伊豆・韮山にある江川邸(伊豆の国市韮山)で4月15日、「パンの創始者」といわれる江川英龍のパンを再現し、試食販売を行った。
同イベントは、4月12日の「パンの日」にちなんで行われたもので、同地を治めていた韮山藩代官・江川英龍が軍用にと命じ、日本で初のパンを1842年4月12日に作られたことが由縁となっている。このことから、英龍は地元では、パンの創始者「パン祖」と呼ばれている。
この日は伊豆半島を中心に製パン業を営む石渡食品(函南町)の石渡浩二さんが、500年以上の歴史のある武家屋敷の土間内で、当時の製法を再現しながら400個ほどのパンを製造。販売を行った。
石渡さんは「再現は1991年から開始したもので、当時は英龍がパンを日本で初めて作ったとして知っているのは一部の人のみだった。
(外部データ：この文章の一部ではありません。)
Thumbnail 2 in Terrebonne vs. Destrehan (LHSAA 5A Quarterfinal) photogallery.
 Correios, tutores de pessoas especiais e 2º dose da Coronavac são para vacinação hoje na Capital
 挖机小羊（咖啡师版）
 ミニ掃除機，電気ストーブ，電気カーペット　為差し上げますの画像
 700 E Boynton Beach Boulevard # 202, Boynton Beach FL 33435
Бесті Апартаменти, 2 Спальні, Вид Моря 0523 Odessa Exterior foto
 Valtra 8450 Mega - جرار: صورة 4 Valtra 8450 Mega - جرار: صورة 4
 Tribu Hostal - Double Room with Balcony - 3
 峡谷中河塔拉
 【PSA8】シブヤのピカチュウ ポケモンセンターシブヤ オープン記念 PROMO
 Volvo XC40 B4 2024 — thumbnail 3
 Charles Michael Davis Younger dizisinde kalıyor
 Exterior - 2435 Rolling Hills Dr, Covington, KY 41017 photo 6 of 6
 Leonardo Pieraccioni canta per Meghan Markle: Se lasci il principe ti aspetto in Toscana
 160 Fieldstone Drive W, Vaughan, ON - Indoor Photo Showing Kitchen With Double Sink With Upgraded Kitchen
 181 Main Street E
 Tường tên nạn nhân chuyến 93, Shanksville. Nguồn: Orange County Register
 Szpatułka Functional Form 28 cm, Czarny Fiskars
より多くの人に英龍の功績とパンの発祥地として知ってもらうべく、古い書籍をひもといて当時のレシピを再現することに成功した」と話す。
当時のパンは製粉技術が未熟なため、今で言う全粒粉で作られ、オーブンではなく釜戸で焼いたとされている。石渡さんは「同じ釜を使えるのは正月と今回の2度ほど。当時のパンは1カ月以上長持ちさせるため極力水分を減らし、食感もとても堅いもの。今回提供するのは、水分を増やし食べやすいものにした。時代を感じながら食べてほしい」とも。
パン祖のパンを試食した30代男性の一人は「思ったよりも柔らかく、奥に甘みを感じた。インド料理のナンに近いイメージ。今回初めてパンの発祥地が伊豆であるということを知った」と話す。
石渡さんは「30年近く活動し、知名度も上がってきた。次は、パン祖のふるさとで地元の食材を使い、自分でパンが作れる施設を造るのが夢」と話す。